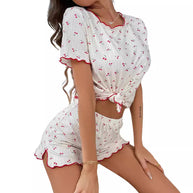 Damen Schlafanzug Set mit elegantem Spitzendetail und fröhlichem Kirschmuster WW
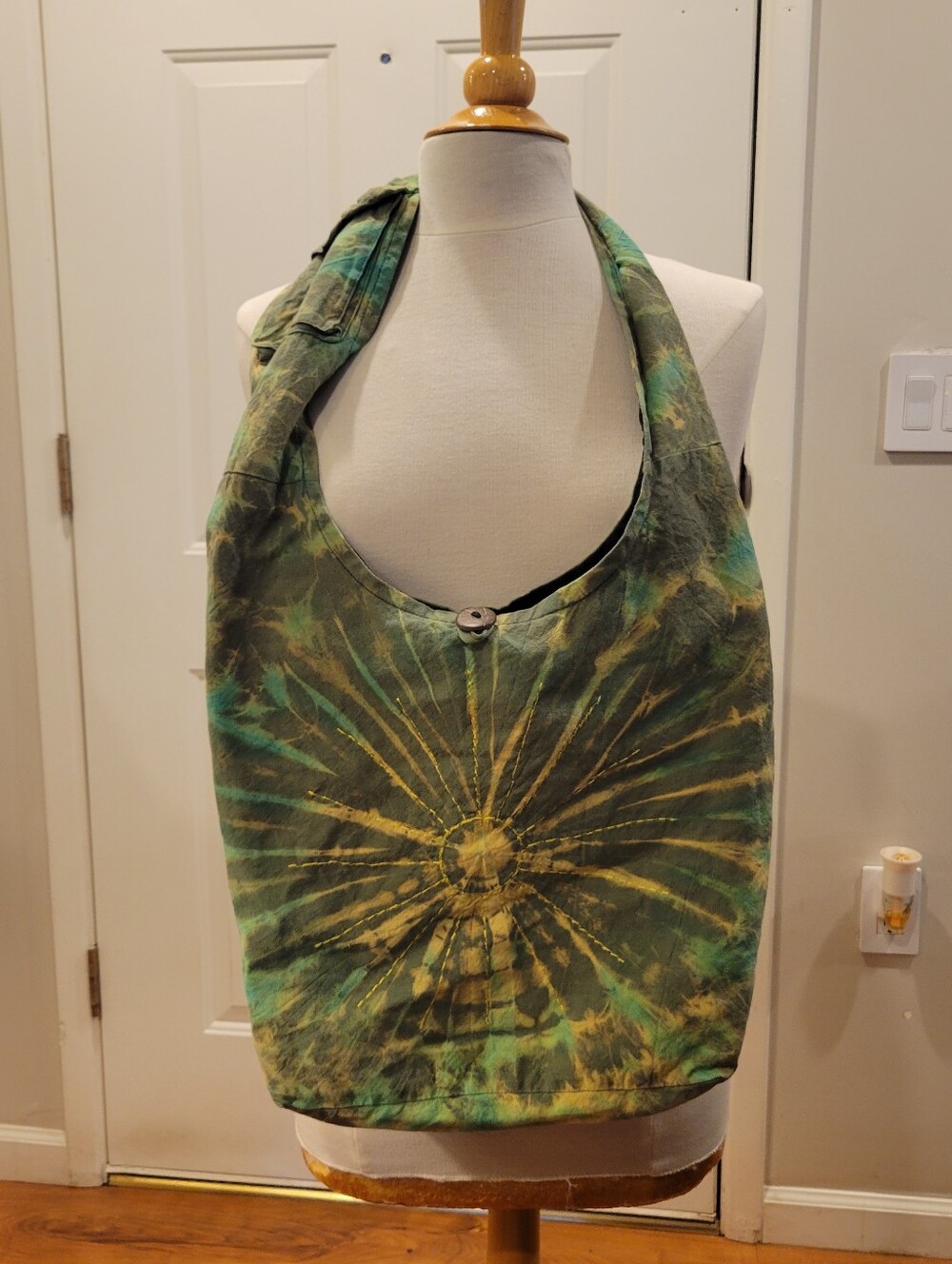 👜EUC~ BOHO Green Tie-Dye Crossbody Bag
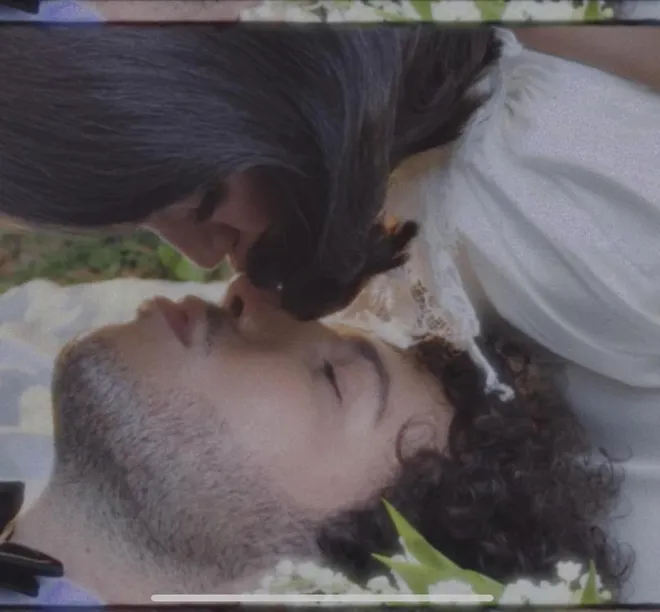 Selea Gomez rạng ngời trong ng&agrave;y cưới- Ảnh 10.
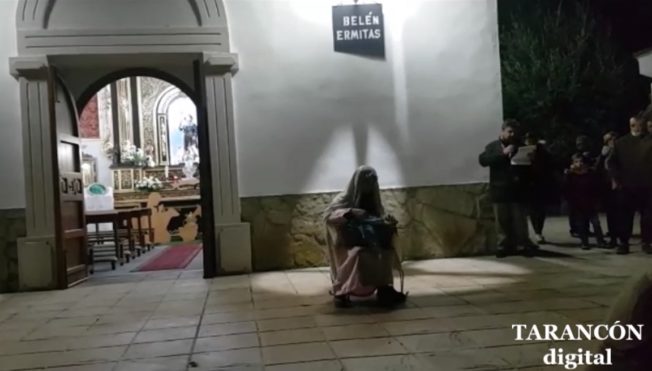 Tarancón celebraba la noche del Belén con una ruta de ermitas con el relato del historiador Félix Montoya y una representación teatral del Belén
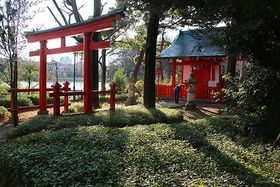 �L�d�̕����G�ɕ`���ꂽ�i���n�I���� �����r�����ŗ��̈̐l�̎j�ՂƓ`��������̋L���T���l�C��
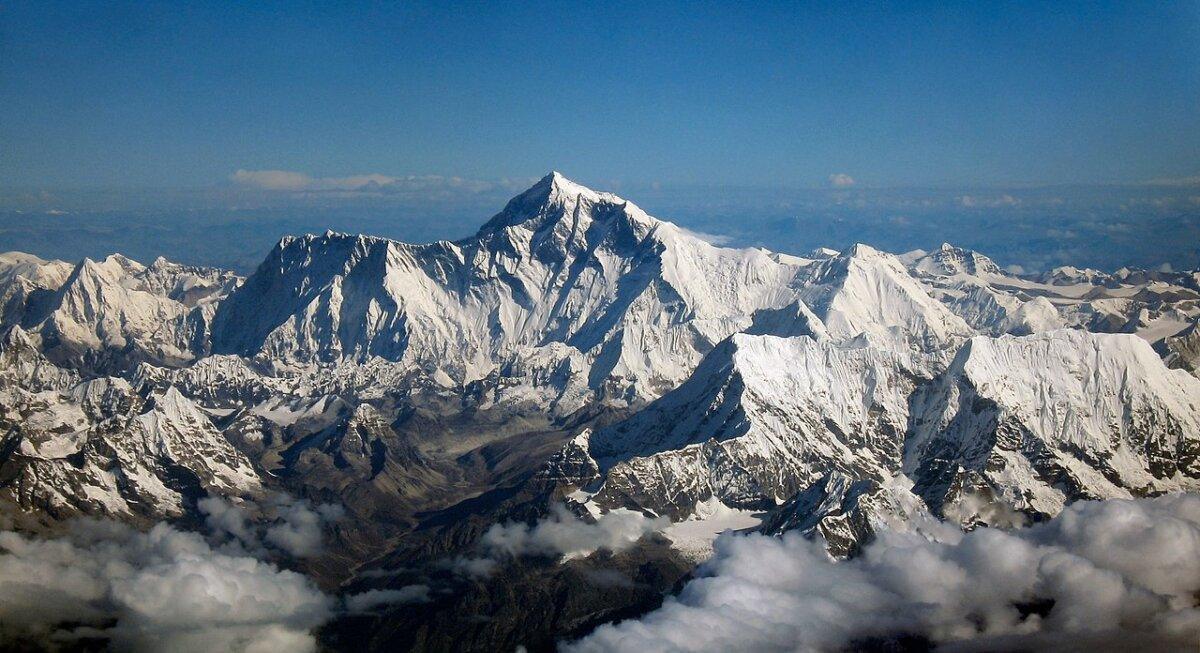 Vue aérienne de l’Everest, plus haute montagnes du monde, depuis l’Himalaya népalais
------------------------
### Required work:
Only the pictures should be left out; the rest of the material above must be repeated exactly.

### Result for this exercise:
 Damen Schlafanzug Set mit elegantem Spitzendetail und fröhlichem Kirschmuster WW
 👜EUC~ BOHO Green Tie-Dye Crossbody Bag
 Selea Gomez rạng ngời trong ng&agrave;y cưới- Ảnh 10.
 Tarancón celebraba la noche del Belén con una ruta de ermitas con el relato del historiador Félix Montoya y una representación teatral del Belén
 �L�d�̕����G�ɕ`���ꂽ�i���n�I���� �����r�����ŗ��̈̐l�̎j�ՂƓ`��������̋L���T���l�C��
 Vue aérienne de l’Everest, plus haute montagnes du monde, depuis l’Himalaya népalais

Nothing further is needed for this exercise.